## TASK ITEM
Transcribe exactly the lines from the one holding "canada/western-canada/landmark/toronto-city-hall" through the closing line of the entries below. Pictures stay out of the copy.

START INFORMATION GIVEN

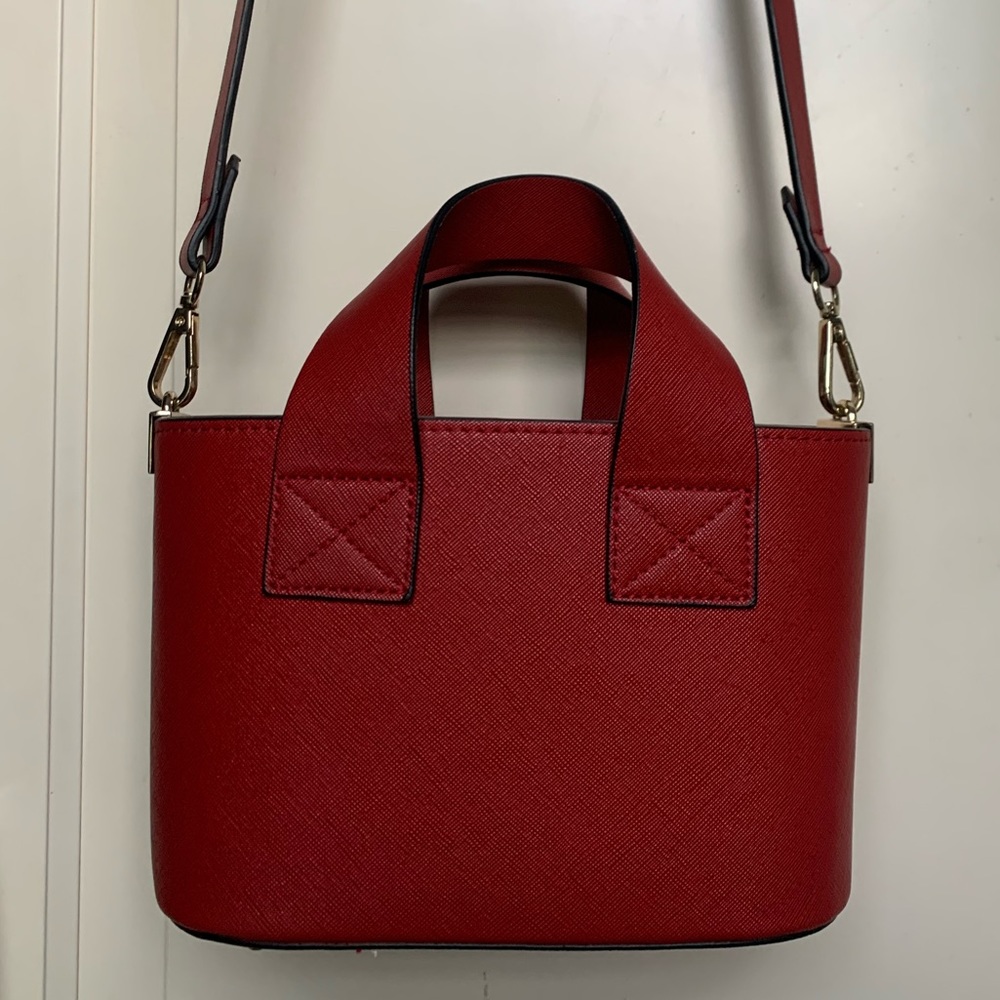 Red Handle Purse with Gold Detailing.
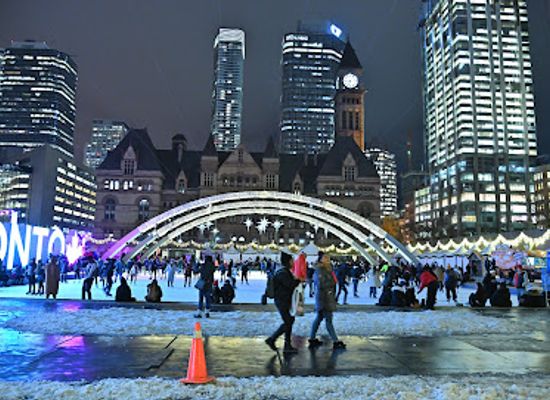 canada/western-canada/landmark/toronto-city-hall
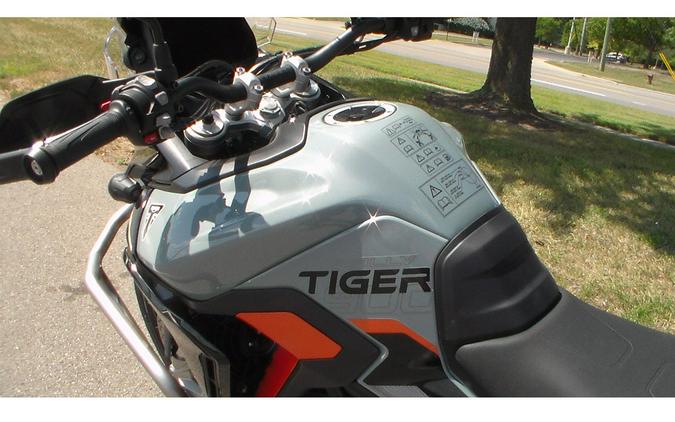 2026 Tiger 900 Desert Edition - Triumph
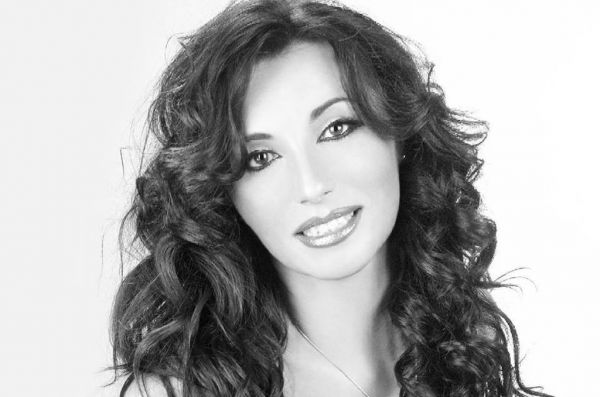 Δείτε το χριστουγεννιάτικο δέντρο που στόλισε η...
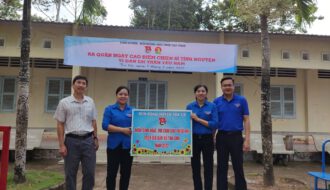 Trà Cú: Bàn giao điểm vui chơi và tặng quà cho học sinh có hoàn cảnh khó khăn tại Trường Tiểu học Tân Sơn
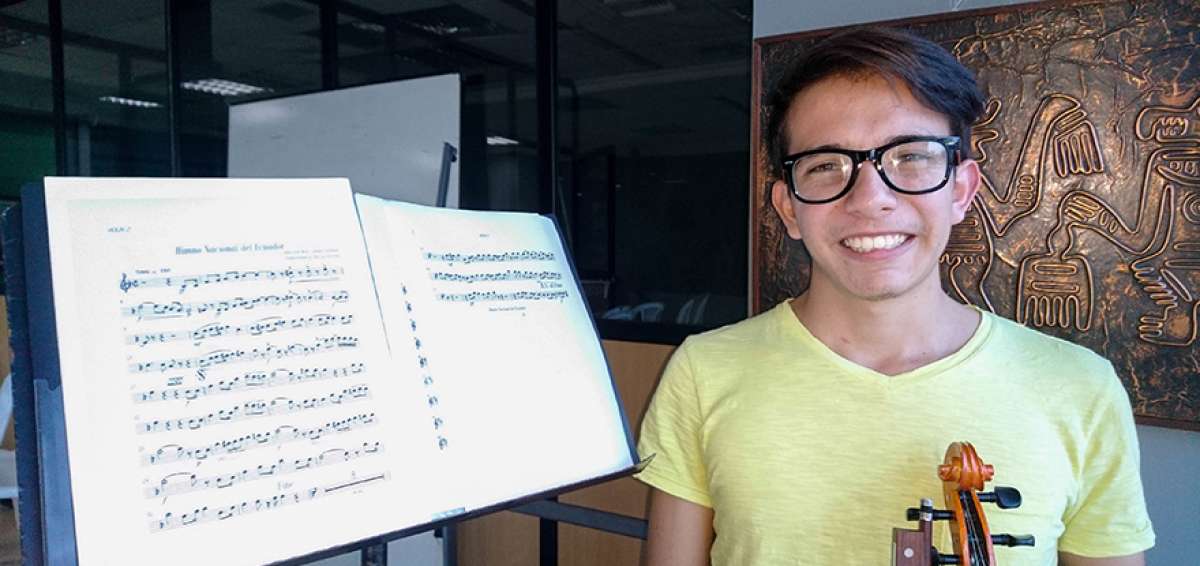 El viol&iacute;n es la pasi&oacute;n de este joven m&uacute;sico mantense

END INFORMATION GIVEN

## RESULT OF THE EXERCISE
 canada/western-canada/landmark/toronto-city-hall
 2026 Tiger 900 Desert Edition - Triumph
 Δείτε το χριστουγεννιάτικο δέντρο που στόλισε η...
 Trà Cú: Bàn giao điểm vui chơi và tặng quà cho học sinh có hoàn cảnh khó khăn tại Trường Tiểu học Tân Sơn
 El viol&iacute;n es la pasi&oacute;n de este joven m&uacute;sico mantense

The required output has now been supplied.